[Record extracts — start]
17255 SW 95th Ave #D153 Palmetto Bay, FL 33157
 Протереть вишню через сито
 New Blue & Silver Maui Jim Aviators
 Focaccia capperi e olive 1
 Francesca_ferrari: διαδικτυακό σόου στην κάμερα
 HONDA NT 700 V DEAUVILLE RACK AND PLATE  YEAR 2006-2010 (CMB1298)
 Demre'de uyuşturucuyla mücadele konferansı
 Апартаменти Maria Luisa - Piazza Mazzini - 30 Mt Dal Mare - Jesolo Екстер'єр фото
[Record extracts — finish]
§ What to do
Your answer must consist solely of the lines from the one containing "Demre'de uyuşturucuyla mücadele konferansı" through the last line of the entries, reproduced exactly.

§ Response area
 Demre'de uyuşturucuyla mücadele konferansı
 Апартаменти Maria Luisa - Piazza Mazzini - 30 Mt Dal Mare - Jesolo Екстер'єр фото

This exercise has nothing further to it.